TASK INPUTS:
◆ ◆ ◆ ◆ ◆ ◆ ◆
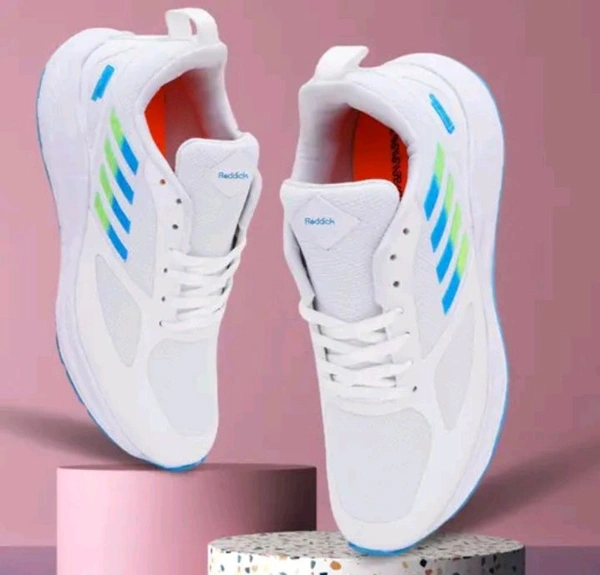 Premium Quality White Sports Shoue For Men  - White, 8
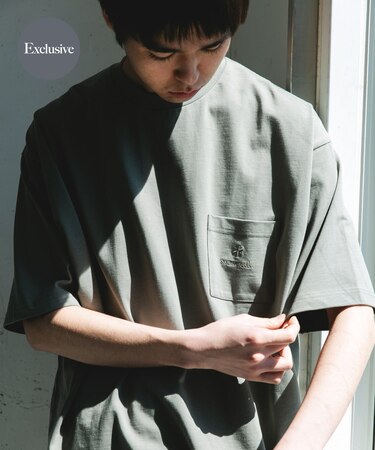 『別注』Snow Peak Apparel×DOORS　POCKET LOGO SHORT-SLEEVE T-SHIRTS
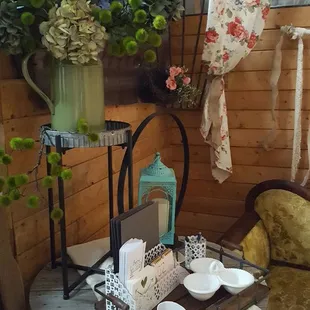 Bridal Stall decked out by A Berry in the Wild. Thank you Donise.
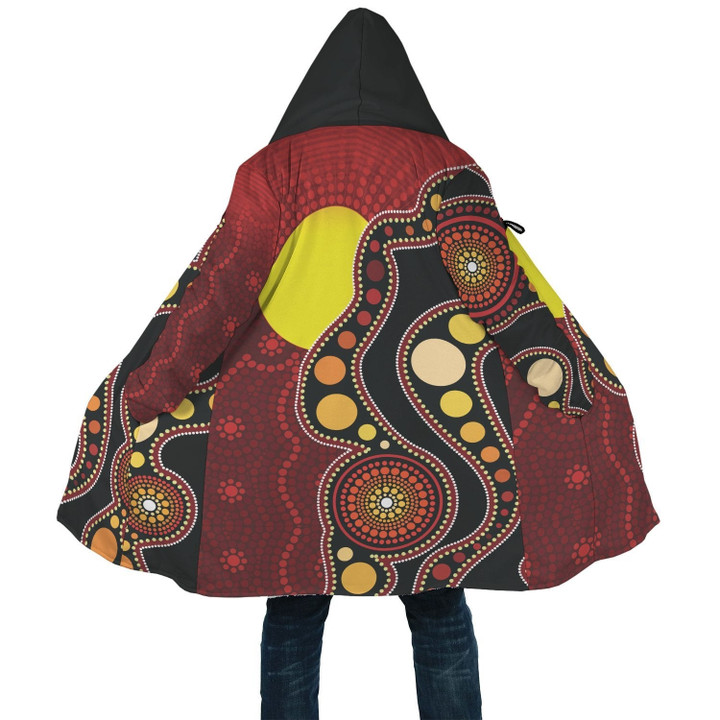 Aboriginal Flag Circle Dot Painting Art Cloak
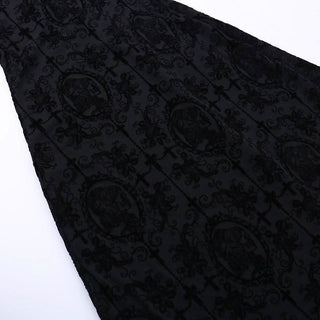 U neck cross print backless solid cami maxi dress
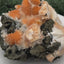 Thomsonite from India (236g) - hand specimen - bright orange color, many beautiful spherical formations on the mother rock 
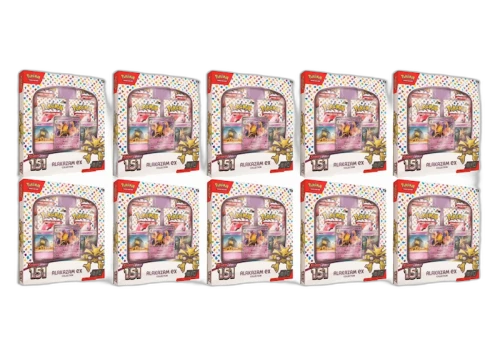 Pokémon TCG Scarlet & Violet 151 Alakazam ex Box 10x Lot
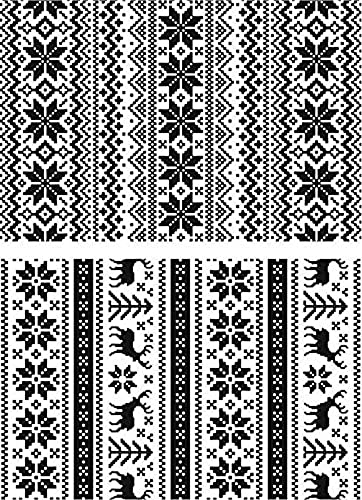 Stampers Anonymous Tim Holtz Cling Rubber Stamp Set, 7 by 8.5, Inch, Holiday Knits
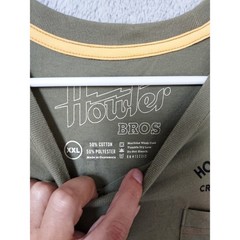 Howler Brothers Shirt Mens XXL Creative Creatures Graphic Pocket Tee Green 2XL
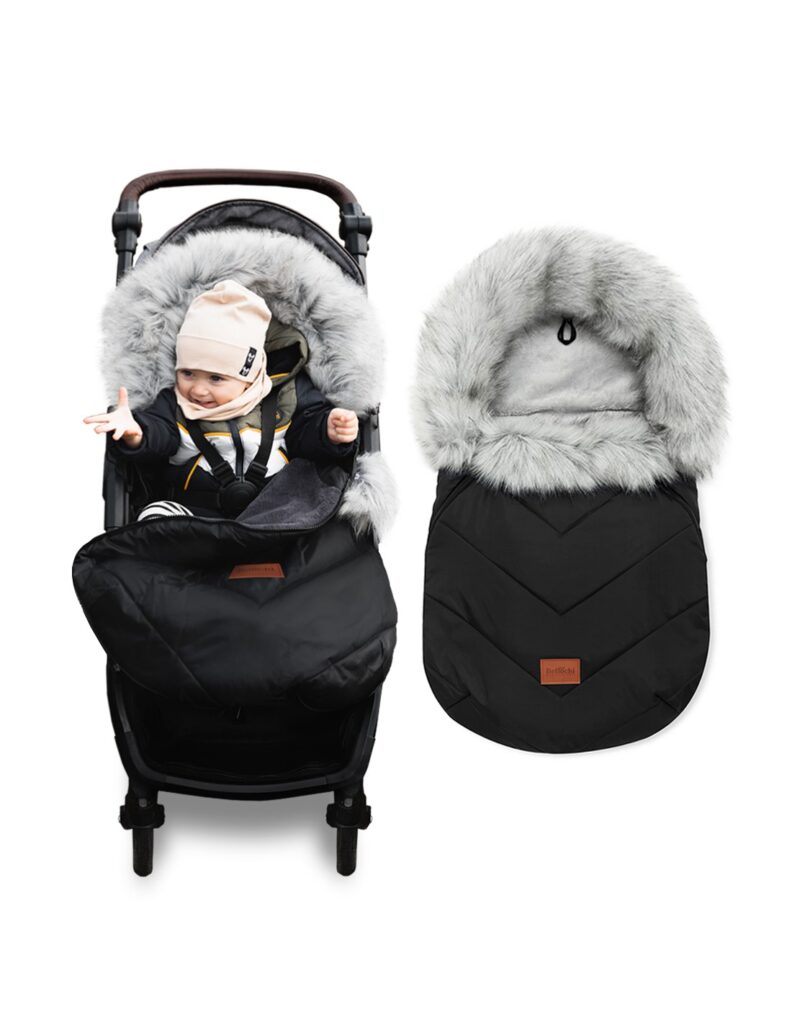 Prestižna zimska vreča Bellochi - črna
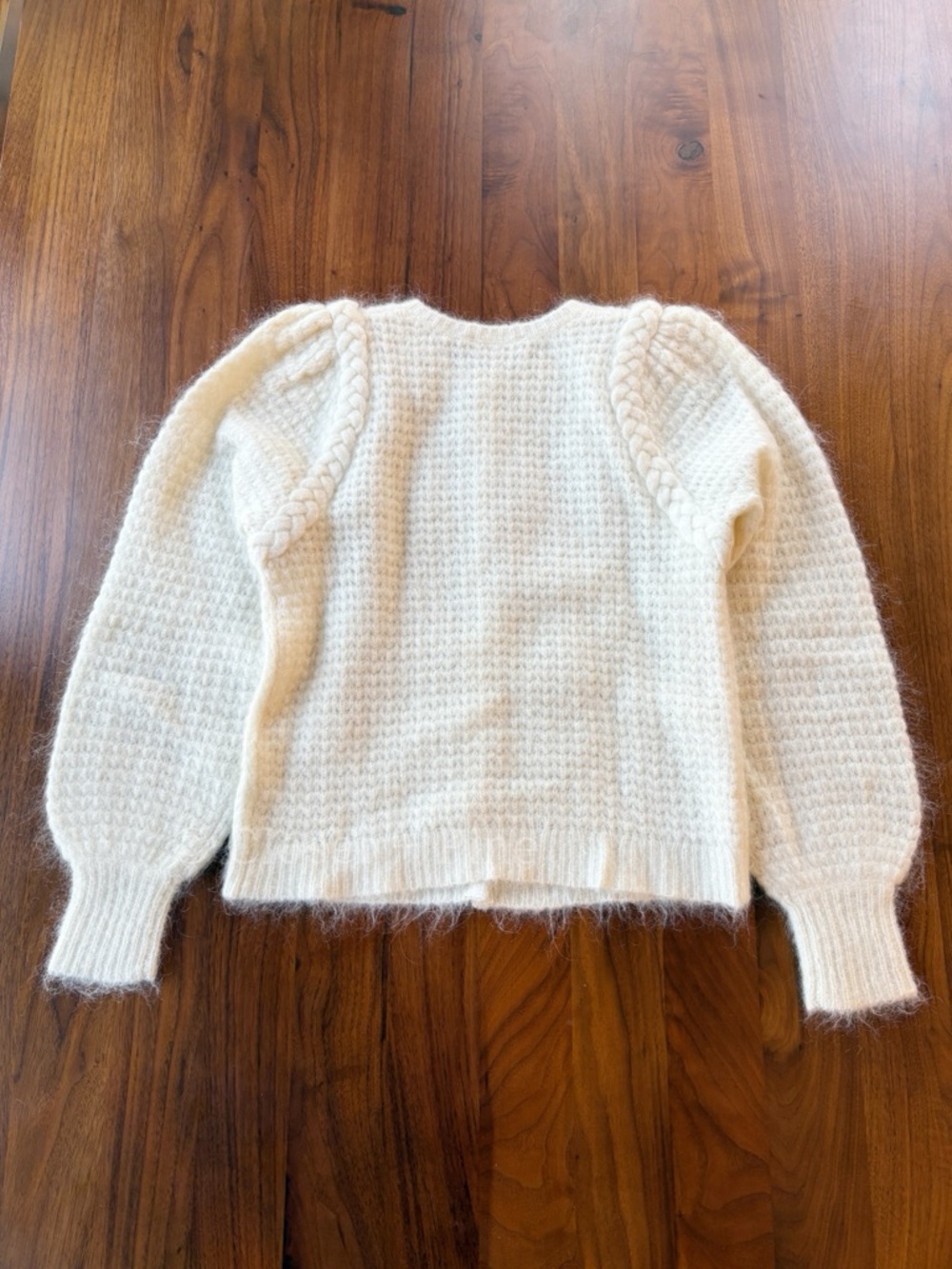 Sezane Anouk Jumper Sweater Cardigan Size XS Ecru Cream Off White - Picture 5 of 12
◆ ◆ ◆ ◆ ◆ ◆ ◆
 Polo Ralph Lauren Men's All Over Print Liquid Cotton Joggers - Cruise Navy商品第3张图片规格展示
◆ ◆ ◆ ◆ ◆ ◆ ◆
EXERCISE GOAL: Output exactly the lines above, beginning at the one with "Stampers Anonymous Tim" and stopping after the one with "Sezane Anouk Jumper". Pictures are to be omitted.

OUTPUT:
 Stampers Anonymous Tim Holtz Cling Rubber Stamp Set, 7 by 8.5, Inch, Holiday Knits
 Howler Brothers Shirt Mens XXL Creative Creatures Graphic Pocket Tee Green 2XL
 Prestižna zimska vreča Bellochi - črna
 Sezane Anouk Jumper Sweater Cardigan Size XS Ecru Cream Off White - Picture 5 of 12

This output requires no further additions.